> **Task**: Repeat the listing that follows, character for character, minus the pictures.
━━ Data excerpt
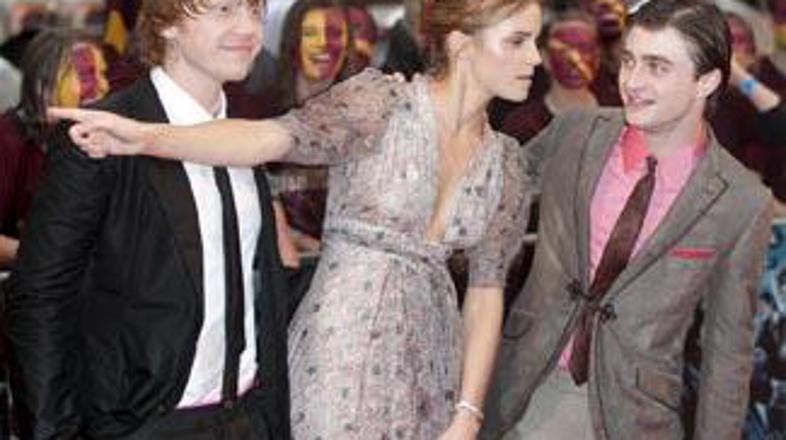 Emma Watson na levi roki nosi zapestnico v poklon preminulemu soigralcu.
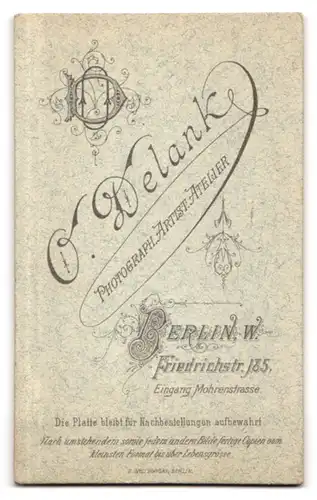 Fotografie O. Delank, Berlin-W., Friedrichstr. 185 Eingang Mohrenstr., Junge Dame im modischen Kleid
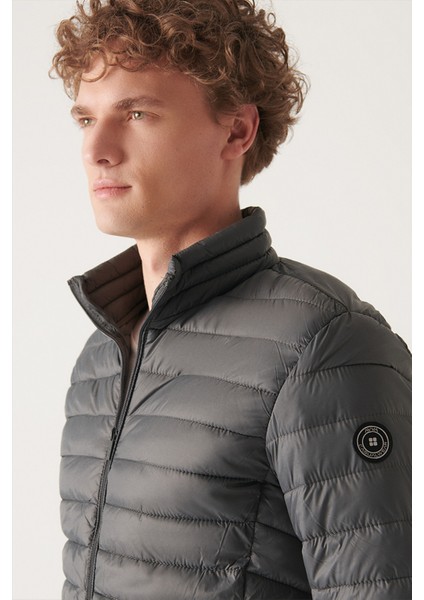 Erkek Antrasit Dik Yaka Lightweight Rüzgar Geçirmez Şişme Spor Mont E006000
━━━━
> **Output of the exercise**:
 Emma Watson na levi roki nosi zapestnico v poklon preminulemu soigralcu.
 Fotografie O. Delank, Berlin-W., Friedrichstr. 185 Eingang Mohrenstr., Junge Dame im modischen Kleid
 Erkek Antrasit Dik Yaka Lightweight Rüzgar Geçirmez Şişme Spor Mont E006000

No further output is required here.